==== Data provided ====
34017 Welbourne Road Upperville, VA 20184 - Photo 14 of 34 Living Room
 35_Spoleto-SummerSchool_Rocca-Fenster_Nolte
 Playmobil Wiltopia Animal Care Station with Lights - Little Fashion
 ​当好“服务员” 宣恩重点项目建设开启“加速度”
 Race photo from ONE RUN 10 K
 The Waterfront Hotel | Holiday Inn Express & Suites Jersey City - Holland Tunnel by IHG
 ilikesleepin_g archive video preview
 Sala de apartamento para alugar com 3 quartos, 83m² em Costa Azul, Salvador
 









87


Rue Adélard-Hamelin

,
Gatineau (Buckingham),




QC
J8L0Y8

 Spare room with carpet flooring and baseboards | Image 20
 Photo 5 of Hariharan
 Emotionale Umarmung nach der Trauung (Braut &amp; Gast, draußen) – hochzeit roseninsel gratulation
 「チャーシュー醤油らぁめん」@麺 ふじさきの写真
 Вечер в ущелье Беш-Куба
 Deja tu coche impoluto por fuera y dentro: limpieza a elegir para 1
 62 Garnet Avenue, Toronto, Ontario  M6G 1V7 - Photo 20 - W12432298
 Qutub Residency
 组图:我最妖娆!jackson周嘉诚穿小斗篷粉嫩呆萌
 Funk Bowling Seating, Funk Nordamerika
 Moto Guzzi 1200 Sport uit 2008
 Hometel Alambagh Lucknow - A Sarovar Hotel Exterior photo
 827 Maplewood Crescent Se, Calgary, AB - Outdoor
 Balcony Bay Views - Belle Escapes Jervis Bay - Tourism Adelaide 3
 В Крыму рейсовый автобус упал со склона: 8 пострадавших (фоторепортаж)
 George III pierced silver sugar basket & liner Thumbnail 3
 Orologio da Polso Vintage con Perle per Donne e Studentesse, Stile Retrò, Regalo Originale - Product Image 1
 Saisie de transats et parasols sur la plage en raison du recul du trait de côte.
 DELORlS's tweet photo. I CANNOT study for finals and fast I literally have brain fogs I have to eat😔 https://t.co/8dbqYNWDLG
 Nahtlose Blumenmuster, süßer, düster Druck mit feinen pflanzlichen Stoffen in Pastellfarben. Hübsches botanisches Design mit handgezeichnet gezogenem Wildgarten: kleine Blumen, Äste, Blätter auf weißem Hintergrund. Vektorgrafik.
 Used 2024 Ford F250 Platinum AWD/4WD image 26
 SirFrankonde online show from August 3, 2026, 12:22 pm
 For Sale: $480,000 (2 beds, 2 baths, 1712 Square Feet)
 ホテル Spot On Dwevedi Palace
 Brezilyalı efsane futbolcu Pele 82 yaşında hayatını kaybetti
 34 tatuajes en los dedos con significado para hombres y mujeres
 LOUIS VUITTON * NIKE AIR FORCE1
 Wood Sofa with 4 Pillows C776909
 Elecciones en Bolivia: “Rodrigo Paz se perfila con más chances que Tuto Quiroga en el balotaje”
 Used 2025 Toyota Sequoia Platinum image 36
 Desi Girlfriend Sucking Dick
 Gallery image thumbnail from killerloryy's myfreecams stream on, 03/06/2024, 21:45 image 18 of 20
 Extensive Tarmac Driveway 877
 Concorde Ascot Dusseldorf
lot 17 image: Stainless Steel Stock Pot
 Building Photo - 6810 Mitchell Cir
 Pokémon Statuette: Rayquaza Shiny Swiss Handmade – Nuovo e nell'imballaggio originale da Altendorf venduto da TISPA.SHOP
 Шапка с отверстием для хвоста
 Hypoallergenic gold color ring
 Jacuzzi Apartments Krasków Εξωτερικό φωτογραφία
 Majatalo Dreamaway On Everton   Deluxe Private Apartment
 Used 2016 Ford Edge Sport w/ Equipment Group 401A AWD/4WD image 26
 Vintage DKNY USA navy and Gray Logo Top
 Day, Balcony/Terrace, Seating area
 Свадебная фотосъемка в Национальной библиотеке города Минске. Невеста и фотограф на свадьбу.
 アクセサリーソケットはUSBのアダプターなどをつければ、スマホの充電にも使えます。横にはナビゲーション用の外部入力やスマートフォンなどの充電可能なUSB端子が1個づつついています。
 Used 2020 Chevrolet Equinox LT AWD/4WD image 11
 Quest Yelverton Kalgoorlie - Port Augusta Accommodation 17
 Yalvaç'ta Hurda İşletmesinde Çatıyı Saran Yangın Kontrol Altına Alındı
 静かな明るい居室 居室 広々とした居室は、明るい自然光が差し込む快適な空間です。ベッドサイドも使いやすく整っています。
====
### Aim of the task
Provide only the count of lines in the records above that hold the word "from".

### Solution
3